Disk Read IOPs Congested
The total disk read IOPS for a cloud VM are congested because the VM has reached its maximum allowable IOPS limit. This results in throttling, which can slow application performance and lead to delays or errors in read-heavy workloads.
Disk Read Throughput Congested
The total disk read throughput for a cloud VM is congested because the VM has reached its maximum allowable read bandwidth. This can lead to slower data transfer rates for read-intensive applications, causing delays in processing and reduced system performance.
Disk Total IOPs Congested
The total disk IOPS for a cloud VM are congested because the VM has reached its maximum allowable IOPS limit. This results in throttling, which can slow application performance and lead to delays or errors in read/write-heavy workloads.
Disk Total Throughput Congested
The total disk throughput for a cloud VM is congested because the VM has reached its maximum allowable bandwidth. This can lead to slower data transfer rates for read/write-intensive applications, causing delays in processing and reduced system performance.
Disk Write IOPs Congested
The total disk write IOPS for a cloud VM are congested because the VM has reached its maximum allowable IOPS limit. This results in throttling, which can slow application performance and lead to delays or errors in write-heavy workloads.
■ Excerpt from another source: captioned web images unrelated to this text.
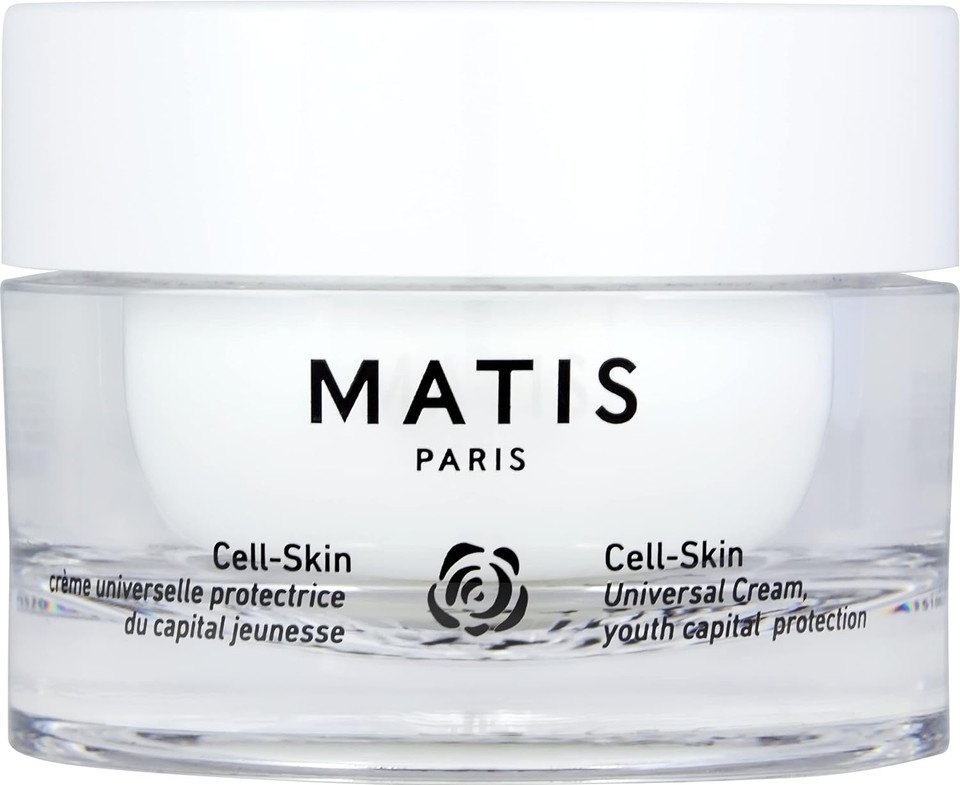 Matis Cell-Skin Universal Cream 50Ml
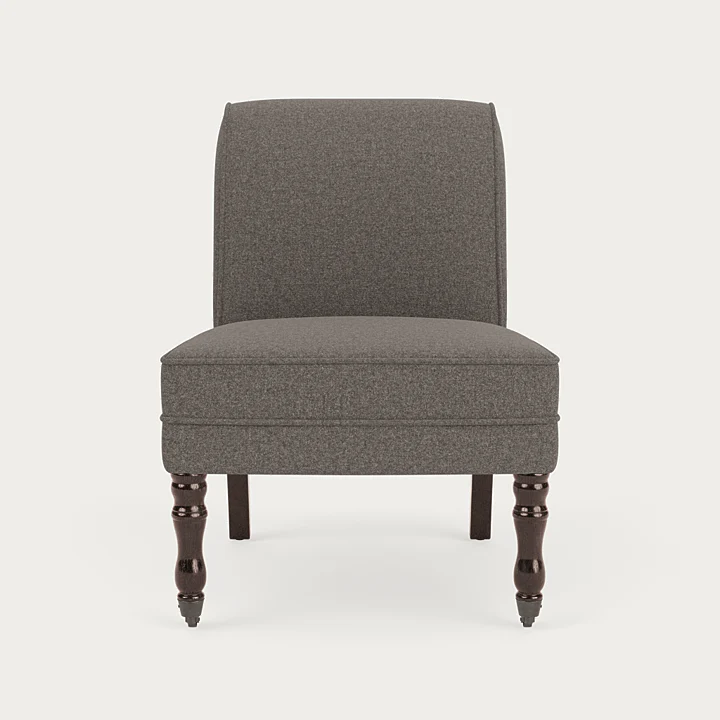 Product image 102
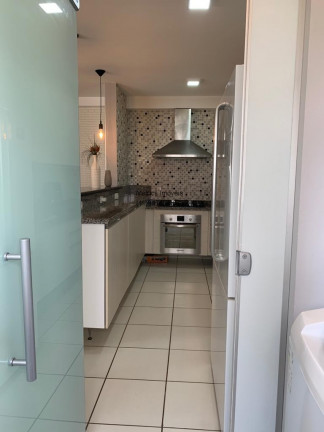 Imagem Imóvel com 2 Quartos à Venda, 82 m² em Engordadouro - Jundiaí Imagem Imóvel com 2 Quartos à Venda, 82 m² em Engordadouro - Jundiaí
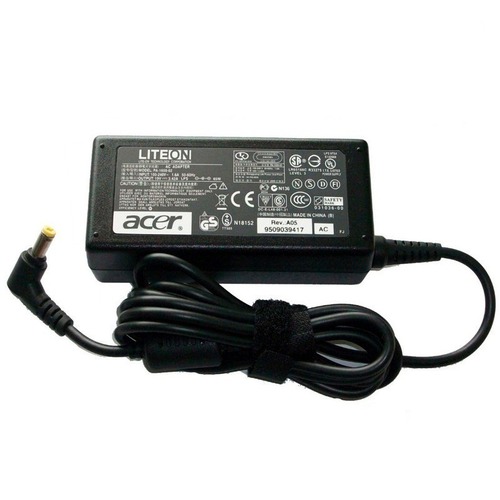 Cargador netbook acer d nq np 23111 mla20242959317 022015 f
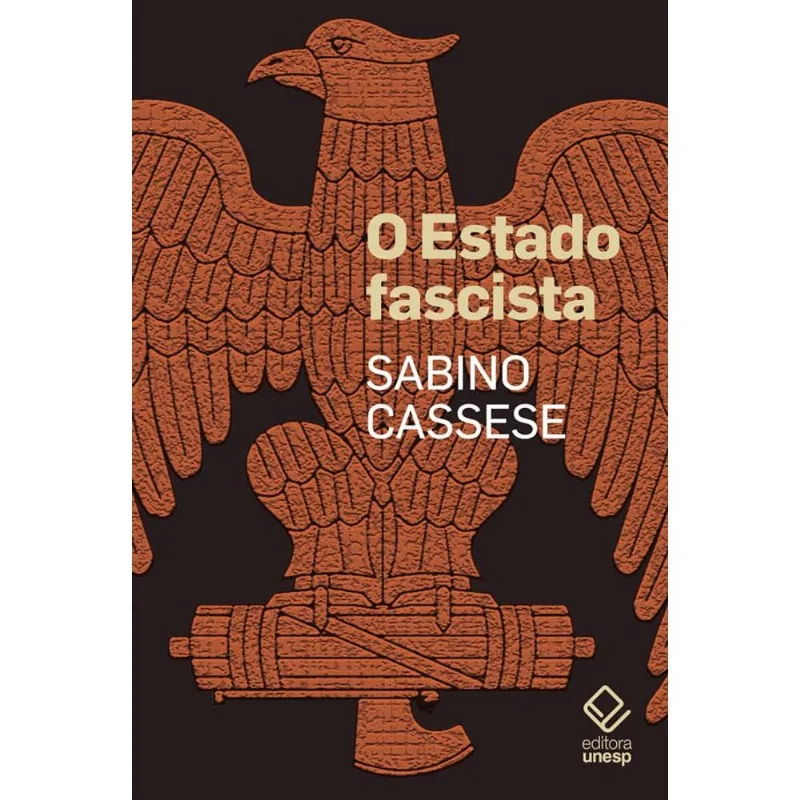 O Estado Fascista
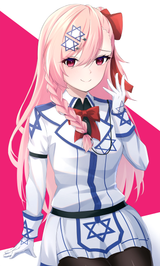 1746965651147865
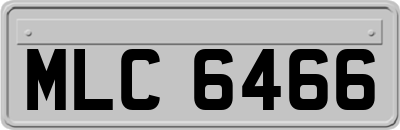 MLC6466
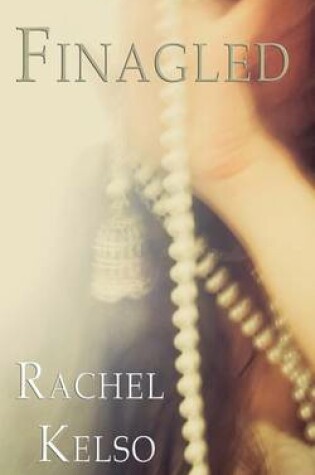 Cover of Finagled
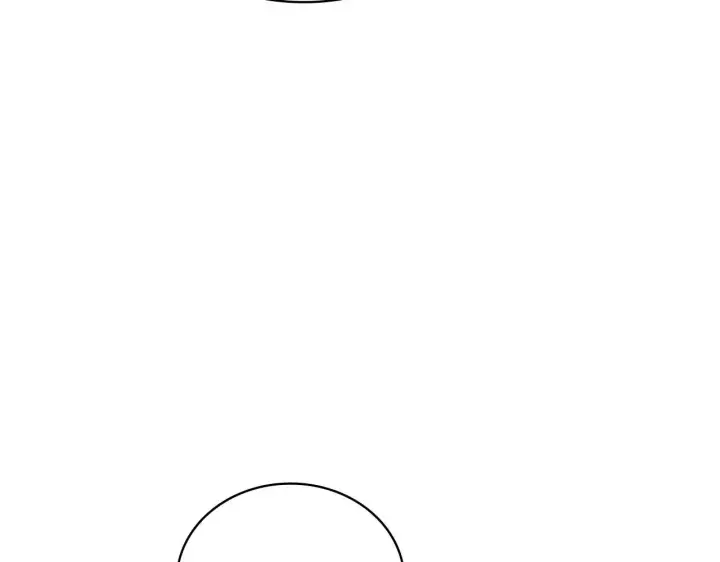 漫画《公爵大人的玩具熊》第80话 密道第126张图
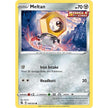 Meltan (188/264) (SWSH08)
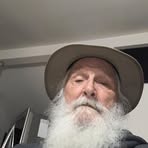James Barton - Facebook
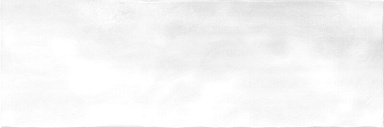 Плитка Alma Ceramica TWA11STL007 рельефная Style 200*600*7.5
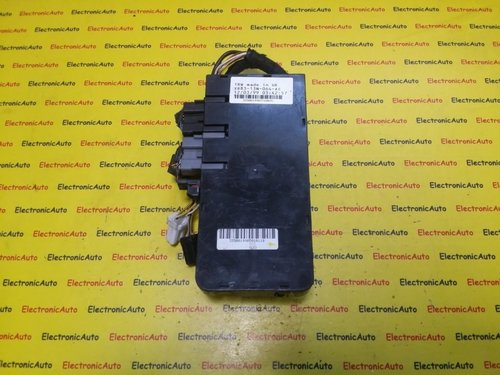 Modul Electronic Jaguar, XR8313N064AC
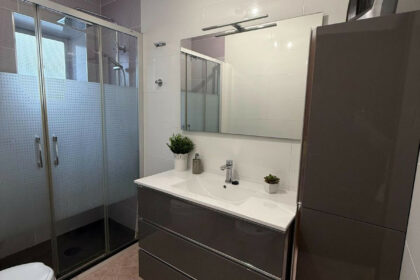 d9c0fd9b5b4c9ea2f24fa457f675b68a - 13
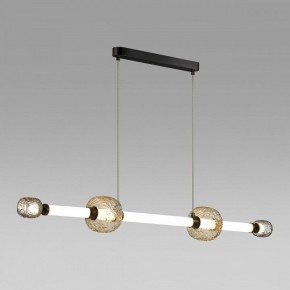 Подвесной светильник Odeon Light Kliff 5427/40L в Камышлове - kamyshlov.mebel24.online | фото 4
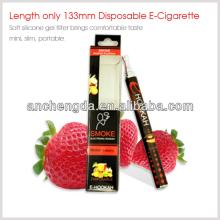 China wireless hookah colored smoke hookah electronic hookah pen wholesale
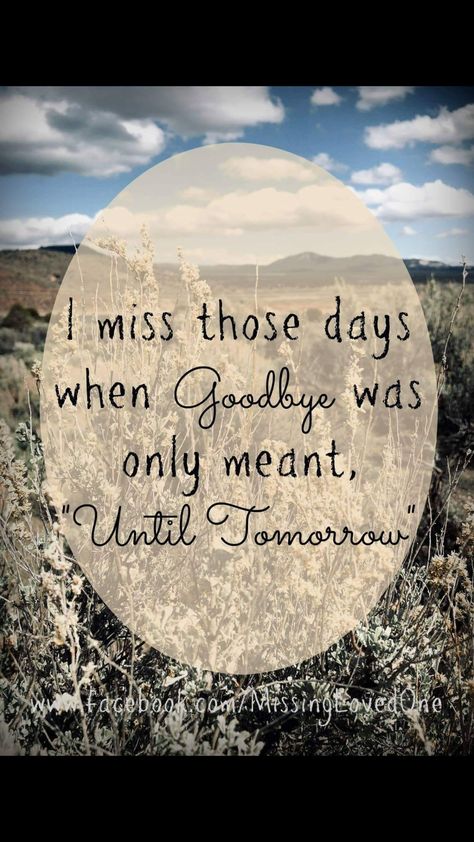 I miss those days, I miss you! Days Quotes, I Miss My Mom, Miss Mom, Miss My Dad, Missing My Son, Miss My Mom, Miss You Dad, Miss You Mom, Heaven Quotes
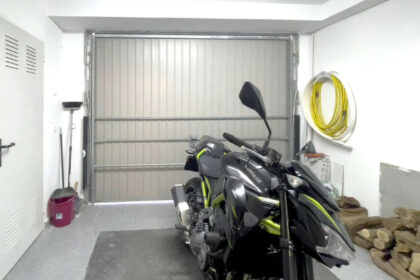 03655cd24c52b301b069a577506d4651 - 41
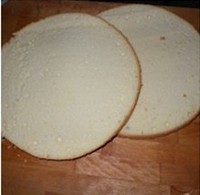 ˮ1
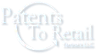 Patents to Retail Logo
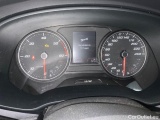  Seat  Leon  ST Style 1.6 TDI 85KW MT5 E6dT #36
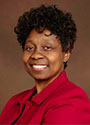 Dr. Pauline Ada Uwakweh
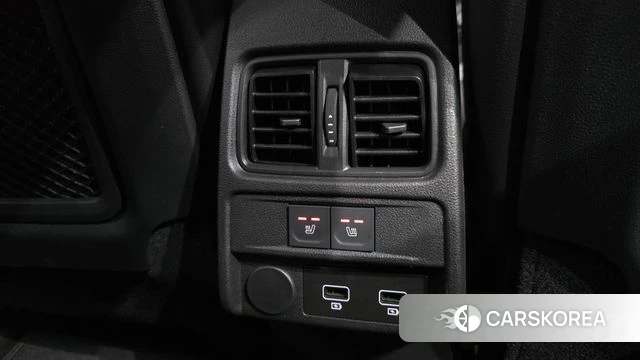 Renault Korea (Samsung) Arcana id 4474264 из Кореи 10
Disk Write Throughput Congested
The total disk write throughput for a cloud VM is congested because the VM has reached its maximum allowable write bandwidth. This can lead to slower data transfer rates for write-intensive applications, causing delays in processing and reduced system performance.
Memory Congested
Memory congestion in a Virtual Machine (VM) leads to slow system performance, application crashes, or even VM instability as the system struggles to allocate memory for running processes. This typically results in frequent swapping or out-of-memory (OOM) errors, impacting applications and user operations.
SNAT Ports Congested
The SNAT (Source Network Address Translation) ports on a virtual machine (VM) are congested, leading to outbound network connection failures or degraded performance for services relying on external APIs or resources. This issue primarily impacts VMs that need to establish multiple concurrent connections to the internet or external systems.